La comparaison avec le Royaume-Uni est un peu spéciale car il s'y est tenu un vote démocratique en faveur de la sortie de l'Union européenne. En Grèce, par contre, les sondages montrent très clairement que le peuple grec veut, en grande majorité, rester dans l'union monétaire et dans l'Union européenne. La situation est totalement différente. Cela signifie aussi, si on veut rester membre d'une union monétaire, que tous doivent suivre des règles, la Grèce y compris. Par conséquent, on peut difficilement comparer ce qui se passe actuellement au Royaume-Uni avec la situation grecque. Ce sont deux développements assez différents.
Réplique de Stéphane Crusnière
Monsieur le ministre, j'entends votre réponse, une fois de plus, décevante. L'objet de la question n'était pas de comparer la Grèce à l'Angleterre.
Vous dites qu'il manque de réformes structurelles, qu'il y a des règles à suivre mais, convenez avec moi, monsieur le ministre, que les Grecs ont déjà fait beaucoup d'efforts et continuent à en faire.

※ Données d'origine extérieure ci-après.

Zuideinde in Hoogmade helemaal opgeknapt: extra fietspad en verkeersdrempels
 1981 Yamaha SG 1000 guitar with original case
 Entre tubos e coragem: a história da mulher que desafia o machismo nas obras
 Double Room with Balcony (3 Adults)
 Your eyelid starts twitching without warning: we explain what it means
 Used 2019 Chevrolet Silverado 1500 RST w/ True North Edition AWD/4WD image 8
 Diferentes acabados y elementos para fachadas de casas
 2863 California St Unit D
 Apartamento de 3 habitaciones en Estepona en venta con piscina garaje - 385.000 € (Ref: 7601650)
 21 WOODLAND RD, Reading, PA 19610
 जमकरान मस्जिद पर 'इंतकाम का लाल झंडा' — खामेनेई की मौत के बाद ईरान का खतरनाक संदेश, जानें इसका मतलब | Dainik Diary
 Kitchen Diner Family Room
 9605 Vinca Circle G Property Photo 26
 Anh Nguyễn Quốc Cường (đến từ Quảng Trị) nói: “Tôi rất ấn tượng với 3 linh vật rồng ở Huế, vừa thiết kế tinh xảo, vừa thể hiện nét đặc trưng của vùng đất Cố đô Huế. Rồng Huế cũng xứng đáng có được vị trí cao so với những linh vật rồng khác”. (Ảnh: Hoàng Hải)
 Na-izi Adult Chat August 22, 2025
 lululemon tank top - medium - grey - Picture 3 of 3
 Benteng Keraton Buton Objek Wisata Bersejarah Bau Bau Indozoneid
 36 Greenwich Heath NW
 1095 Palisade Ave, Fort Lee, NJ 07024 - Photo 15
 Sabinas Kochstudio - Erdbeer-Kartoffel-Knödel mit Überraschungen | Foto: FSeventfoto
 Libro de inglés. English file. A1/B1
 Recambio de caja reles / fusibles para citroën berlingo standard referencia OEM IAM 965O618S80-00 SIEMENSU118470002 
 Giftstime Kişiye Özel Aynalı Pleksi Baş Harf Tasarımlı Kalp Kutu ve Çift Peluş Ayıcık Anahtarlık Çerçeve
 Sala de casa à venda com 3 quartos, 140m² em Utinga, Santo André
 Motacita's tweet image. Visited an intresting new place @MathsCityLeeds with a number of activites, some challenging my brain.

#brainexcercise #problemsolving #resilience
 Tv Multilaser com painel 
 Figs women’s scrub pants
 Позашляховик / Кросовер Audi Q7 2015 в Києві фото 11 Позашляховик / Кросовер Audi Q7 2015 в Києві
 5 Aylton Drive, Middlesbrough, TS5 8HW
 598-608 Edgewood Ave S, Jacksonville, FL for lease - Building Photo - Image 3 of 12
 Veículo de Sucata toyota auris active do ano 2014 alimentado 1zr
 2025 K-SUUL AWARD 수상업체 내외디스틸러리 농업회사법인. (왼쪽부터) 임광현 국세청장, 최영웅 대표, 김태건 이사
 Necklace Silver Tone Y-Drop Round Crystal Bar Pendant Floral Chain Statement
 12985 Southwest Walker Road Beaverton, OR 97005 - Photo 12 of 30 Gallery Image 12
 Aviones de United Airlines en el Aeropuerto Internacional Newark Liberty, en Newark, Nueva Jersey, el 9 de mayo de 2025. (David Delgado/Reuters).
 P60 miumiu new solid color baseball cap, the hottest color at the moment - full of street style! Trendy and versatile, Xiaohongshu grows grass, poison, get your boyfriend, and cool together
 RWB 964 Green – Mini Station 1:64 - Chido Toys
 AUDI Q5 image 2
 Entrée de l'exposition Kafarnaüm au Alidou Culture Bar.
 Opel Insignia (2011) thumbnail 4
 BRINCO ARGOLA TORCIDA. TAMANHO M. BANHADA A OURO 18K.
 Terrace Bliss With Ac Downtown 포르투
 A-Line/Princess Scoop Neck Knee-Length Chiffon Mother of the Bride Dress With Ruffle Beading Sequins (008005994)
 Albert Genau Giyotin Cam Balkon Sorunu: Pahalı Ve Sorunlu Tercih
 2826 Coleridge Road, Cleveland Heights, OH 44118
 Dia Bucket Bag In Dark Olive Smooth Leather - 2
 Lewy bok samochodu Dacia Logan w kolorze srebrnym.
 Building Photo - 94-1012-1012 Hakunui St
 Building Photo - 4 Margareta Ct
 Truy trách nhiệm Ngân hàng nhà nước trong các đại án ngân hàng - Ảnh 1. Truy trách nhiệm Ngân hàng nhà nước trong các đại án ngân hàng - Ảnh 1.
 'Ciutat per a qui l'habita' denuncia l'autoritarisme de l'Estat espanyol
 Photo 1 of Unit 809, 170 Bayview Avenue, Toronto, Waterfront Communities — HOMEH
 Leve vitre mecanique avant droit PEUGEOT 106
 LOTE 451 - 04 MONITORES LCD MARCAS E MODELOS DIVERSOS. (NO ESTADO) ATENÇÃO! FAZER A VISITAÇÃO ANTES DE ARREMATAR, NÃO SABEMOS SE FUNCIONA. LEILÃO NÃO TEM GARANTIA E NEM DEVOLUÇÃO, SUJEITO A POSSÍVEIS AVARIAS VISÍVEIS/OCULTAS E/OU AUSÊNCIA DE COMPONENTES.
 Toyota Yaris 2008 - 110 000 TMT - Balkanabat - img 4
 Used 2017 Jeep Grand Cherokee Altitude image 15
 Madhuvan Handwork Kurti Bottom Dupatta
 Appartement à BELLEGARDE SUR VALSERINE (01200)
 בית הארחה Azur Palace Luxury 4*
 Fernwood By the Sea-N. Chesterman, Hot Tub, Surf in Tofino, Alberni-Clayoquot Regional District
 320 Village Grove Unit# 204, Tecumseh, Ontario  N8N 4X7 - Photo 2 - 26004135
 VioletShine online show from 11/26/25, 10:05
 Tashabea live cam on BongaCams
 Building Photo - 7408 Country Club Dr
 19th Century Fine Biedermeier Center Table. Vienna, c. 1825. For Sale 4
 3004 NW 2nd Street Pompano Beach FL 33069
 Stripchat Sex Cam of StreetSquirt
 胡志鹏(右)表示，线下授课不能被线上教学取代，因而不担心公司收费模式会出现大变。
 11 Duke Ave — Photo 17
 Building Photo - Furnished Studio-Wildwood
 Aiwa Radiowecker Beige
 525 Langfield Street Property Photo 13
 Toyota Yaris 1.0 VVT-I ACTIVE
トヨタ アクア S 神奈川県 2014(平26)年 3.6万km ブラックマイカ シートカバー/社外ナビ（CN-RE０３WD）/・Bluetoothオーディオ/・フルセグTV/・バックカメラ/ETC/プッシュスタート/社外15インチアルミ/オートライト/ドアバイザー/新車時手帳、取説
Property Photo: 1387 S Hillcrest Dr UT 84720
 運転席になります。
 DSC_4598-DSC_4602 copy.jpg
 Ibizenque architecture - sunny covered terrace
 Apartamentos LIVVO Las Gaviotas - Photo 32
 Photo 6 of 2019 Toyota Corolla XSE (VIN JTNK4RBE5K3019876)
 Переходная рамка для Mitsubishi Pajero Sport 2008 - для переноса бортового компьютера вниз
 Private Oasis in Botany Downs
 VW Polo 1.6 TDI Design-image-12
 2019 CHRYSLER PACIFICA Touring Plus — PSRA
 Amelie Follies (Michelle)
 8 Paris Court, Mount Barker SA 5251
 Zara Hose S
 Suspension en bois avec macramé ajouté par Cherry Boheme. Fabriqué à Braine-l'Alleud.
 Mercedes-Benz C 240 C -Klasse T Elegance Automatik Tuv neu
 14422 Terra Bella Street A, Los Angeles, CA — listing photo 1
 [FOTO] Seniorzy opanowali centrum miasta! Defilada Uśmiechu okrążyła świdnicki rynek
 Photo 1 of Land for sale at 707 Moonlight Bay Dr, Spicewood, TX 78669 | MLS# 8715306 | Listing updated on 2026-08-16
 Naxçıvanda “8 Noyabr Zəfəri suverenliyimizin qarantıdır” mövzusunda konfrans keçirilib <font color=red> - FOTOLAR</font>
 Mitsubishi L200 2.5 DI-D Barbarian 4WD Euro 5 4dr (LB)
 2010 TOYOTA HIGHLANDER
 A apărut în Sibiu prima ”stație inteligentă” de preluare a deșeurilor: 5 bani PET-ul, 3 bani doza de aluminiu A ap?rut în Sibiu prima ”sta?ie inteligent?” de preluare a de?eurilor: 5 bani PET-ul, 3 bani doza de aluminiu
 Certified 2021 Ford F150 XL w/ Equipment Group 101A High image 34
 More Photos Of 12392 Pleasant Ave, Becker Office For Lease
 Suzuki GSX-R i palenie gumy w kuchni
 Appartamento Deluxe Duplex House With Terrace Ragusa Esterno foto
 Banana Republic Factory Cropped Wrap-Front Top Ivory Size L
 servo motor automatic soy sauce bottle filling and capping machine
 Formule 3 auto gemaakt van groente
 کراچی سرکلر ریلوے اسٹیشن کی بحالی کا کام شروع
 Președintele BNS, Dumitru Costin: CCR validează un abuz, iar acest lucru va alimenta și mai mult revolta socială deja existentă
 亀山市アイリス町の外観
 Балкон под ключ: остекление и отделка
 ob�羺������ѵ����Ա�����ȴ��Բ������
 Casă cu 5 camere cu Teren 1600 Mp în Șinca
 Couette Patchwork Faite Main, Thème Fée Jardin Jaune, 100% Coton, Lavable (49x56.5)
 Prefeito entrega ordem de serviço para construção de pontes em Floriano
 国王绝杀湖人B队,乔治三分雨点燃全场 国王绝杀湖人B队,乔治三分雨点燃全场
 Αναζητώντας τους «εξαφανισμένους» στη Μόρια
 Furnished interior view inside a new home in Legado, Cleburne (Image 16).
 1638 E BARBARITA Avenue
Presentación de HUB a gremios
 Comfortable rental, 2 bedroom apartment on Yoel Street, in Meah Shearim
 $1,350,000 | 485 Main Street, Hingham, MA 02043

Monsieur le ministre, vous ne m'avez pas répondu. Comptez-vous sincèrement relancer le projet européen en conditionnant la solidarité européenne à l'austérité et en vous attaquant aux plus fragiles? Quand le Conseil européen arrêtera-t-il de donner les pleins pouvoirs aux ministres des Finances pour décider de ces politiques sociales? Je l'ai déjà dit; ce dont l'Europe a besoin, c'est bien d'une politique pour les citoyens et non pas contre les citoyens. Pourtant, les instances de l'Union européenne ne semblent pas vouloir prendre conscience de la situation et aucune mesure d'aide n'est, à ce jour, proposée pour leur venir en aide.
Je vous le redis, monsieur le ministre, nous devons réfléchir à une autre Europe, une Europe qui réenchantera les Européens avec un projet social fort. C'est comme cela que vous rendrez la confiance aux Grecs et plus largement aux citoyens européens.